Renewable energy is the buzzword used by any company or non-profit organization that wants a big fat grant from the federal government. One of the big categories of renewable energy is solar. Solar sounds nice on paper since it produces energy from the sun and if the sun stops providing energy we will have much larger issues to worry about that electricity. But solar panels can also be unreliable. At night or when there is cloud cover solar panels produce nothing. The atmosphere, by design, also greatly diminishes solar energy before it gets to Earth’s surface. These factors make terrestrial solar panels less than idea for power production. But that doesn’t mean solar energy is nonviable, it merely means solar collectors need to be placed in space:
It’s been the subject of many previous studies and the stuff of sci-fi for decades, but space-based solar power could at last become a reality—and within 25 years, according to a proposal from researchers at the Japan Aerospace Exploration Agency (JAXA). The agency, which leads the world in research on space-based solar power systems, now has a technology road map that suggests a series of ground and orbital demonstrations leading to the development in the 2030s of a 1-gigawatt commercial system—about the same output as a typical nuclear power plant.

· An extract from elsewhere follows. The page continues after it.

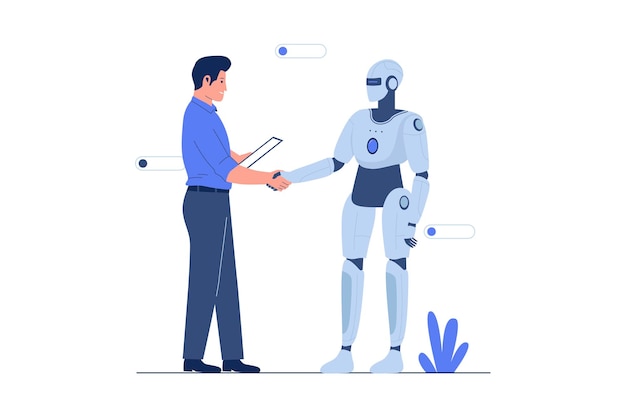 人工知能ロボットと人間の握手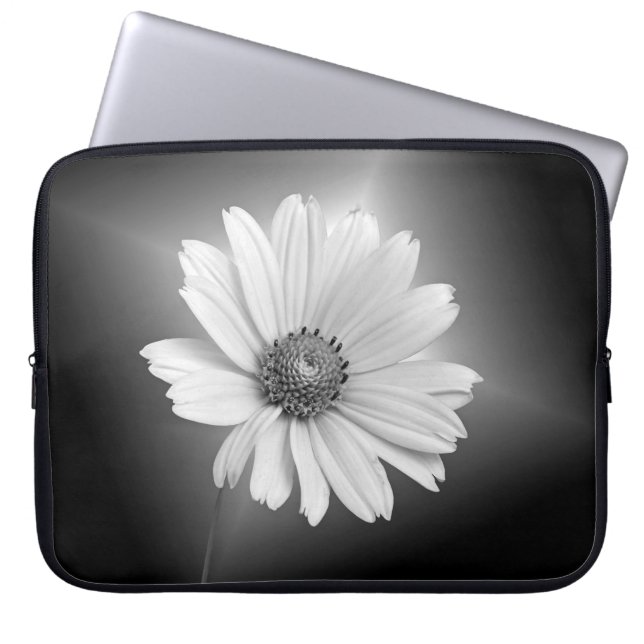 Glowing White Cosmos Flower Laptop Sleeve (Front)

This is research into solar energy that actually matters. Unlike the shit research produced here in the United States, research into space-based solar collectors could actually create a viable source of energy for our increasingly energy-hungry society.

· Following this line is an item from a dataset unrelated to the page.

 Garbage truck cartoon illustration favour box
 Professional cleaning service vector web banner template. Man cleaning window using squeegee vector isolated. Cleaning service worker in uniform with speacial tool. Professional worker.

Obviously the technology isn’t without danger. If energy is being beamed from orbit the beam will most likely carry a rather high damage potential. But wind farms and terrestrial solar collectors don’t have a flawless safety record either. Anything that generates enough electrical energy to matter is almost certainly going to have some tradeoffs. The only question becomes one of tradeoff. Here in the United States we’ve basically decided that the risk of nuclear meltdown is too great for the amount of power produced. Will we decide that the risk of a point on land being incinerated is low enough for the amount of power produced? I hope so because space-based solar panels will likely be the only renewable energy source that can produced what our species needs.